Sunbelt Ag Expo set to celebrate 45th anniversary show
ALBANY, Ga. (WALB) - WALB’s Jim Wallace sat down with Executive Director of the Sunbelt Ag Expo Chip Blalock to highlight 45 years.
The 45th year. The question is why is education so big a part of the Sunbelt AG Expo?
“Education is really the foundation of the Sunbelt AG Expo,” Blalock said. “Everything we do at the show and on the research form throughout the year is geared toward giving that information to our farmers. We try it and through it bring the information during the show so they can come and gather information. To take back their operation to enhance their economic and environmental sustainability, that is enhanced with all of our great university partnerships. We have 6 universities that have permanent exhibit buildings at the Expo and in no certain order. Those are Clemson, ABAC, Auburn, Georgia, Fort Valley State and University of Florida. In addition to those, we also have exhibits from Florida A&M, Tuskegee, Alabama A&M and. North Georgia College this year, And of course Southern Regional Technical College in Moultrie.”

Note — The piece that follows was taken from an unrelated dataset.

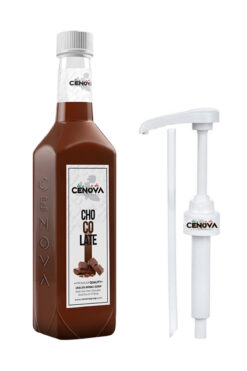 Cenova Çikolata Kahve-Kokteyl Şurubu 1000 ML Gurme Seri - Pompa Dahil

Why do they feel like they need to be there permanently?
“It’s a great recruiting tool the for the main part to get students interested at a early age in their respective university,” Blalock said. “So when they graduate from high school they can make plans to go on to the to the next level at one of these colleges or universities.”
And that education in ag is needed right now by this industry.
“All that’s needed so we have a shortage, we need more AG specialist, whether it’s in crop protection, irrigation. AG lending. AG mechanics, you name it. There’s a need for it,” Blalock said.
And that’s part of the Sunbelt AG Expo. Every year is pushing agriculture ahead and this is a big, big part of.
“Absolutely. I tell people all the time we work together with all the universities that one Saturday a year we want to beat each other in football and another 364 days we’re working together to continue to help these farmers efficiently and environmentally productive to feed the world,” Blalock said.
And that’s the most important part of that agriculture right now.
“You betcha. We’ve got good job security. People got used to three meals a day and clothes on their back and Roof over their head,” Blalock said.